I have to add this. Five-Year Outlook: North Dakota Oil Production to Grow Steadily
On average, North Dakota oil production, which surged past the 1 million b/d mark earlier this year, will continue to grow steadily at a rate of about 18,000 b/d each month through 2019, according to a study completed in September for the state legislature.
Commissioned last year by state lawmakers, Bismarck-based engineering/planning firm Kadrmas, Lee & Jackson (KLJ) completed the work in partnership with North Dakota State University, concluding that daily production could hit the 2 million b/d level during the period.
KLJ and the university used three approaches to forecast the sustainability of oil and gas production: economic analysis of the Bakken/Three Forks shale formation; projections on population, employment and housing needs; and potential for enhanced oil recovery (EOR).
Got that, Bakken production will increase by an average of 18,000 barrels per day for the next 5+ years. 18,000 bpd increase just happens to be almost exactly what the Bakken has been averaging for the last 3 years. Here is what that chart will look like if they are correct.
So how do they plan on keeping production increasing at 18,000 bpd every month?
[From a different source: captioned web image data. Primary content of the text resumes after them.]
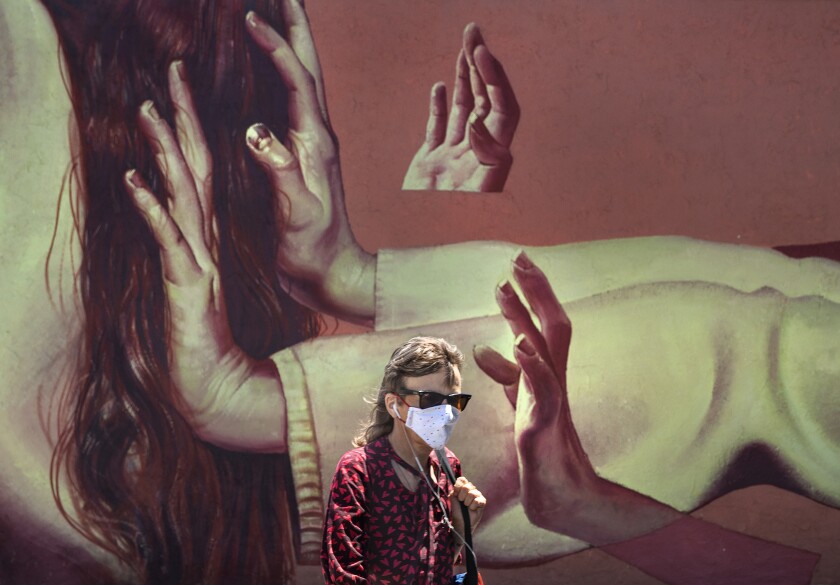 Caroline Kousidonis, 52, of Venice, wears a protective mask while walking past a mural on Lincoln Blvd. in Venice.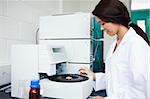 Cute scientist using a centrifuge in a laboratory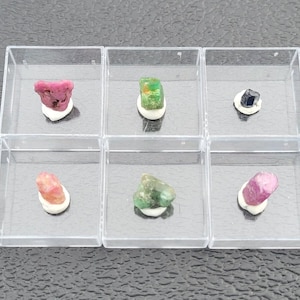 Puede incluir: Seis pequeñas cajas de plástico transparente que contienen cada una una gema diferente. Las gemas son un rubí rosa, una esmeralda verde, un zafiro negro, un rubí rosa, una esmeralda verde y un rubí rosa.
Easy EOR! From that report:
EOR using carbon dioxide (CO2) injections to get extra production out of mature wells has the potential to increase overall production in North Dakota, the study pointed out. “In conjunction with other non-traditional technologies, such as horizontal drilling and hydraulic fracturing, CO2 EOR should be recognized as part of a long-term production strategy for North Dakota oilfields. Modeling and analysis proves there is significant opportunity.”
The primary challenges to EOR during the next five years, the study said, are the need to acquire sufficient volumes of CO2 and the oil/gas companies willingness to invest in EOR.
The study fails to mention that CO2 EOR has never been done on fractured non-porous reservoir rock. Here is how CO2 EOR works.
From an injection well you push CO2 into the reservoir. The pressurized CO2 combines with the oil and water and sweeps through the porous rock toward the well bore. But you can’t do that in a light tight oil reservoir. There are no injection wells in the LTO reservoir. And if there were it still wouldn’t work. The CO2 would hit one of the fractures in the rock and just channel all the CO2 right to the well bore and you would recover nothing but the CO2.
I did a little research and they tell me that the way they hope to do CO2 injection in a LTO field is just to push it down the original oil well bore under a lot of pressure, then let it come right back out. Okay but that sounds like it would be very inefficient. From what I read CO2 injection is already on the verge of being uneconomical.
But… there may be other ways of doing it. If you are in Atlanta from November 16th through the 21st then you can attend a seminar discussing just how it may be done. And you may be lucky. If they are looking for investors you may get in on the ground floor.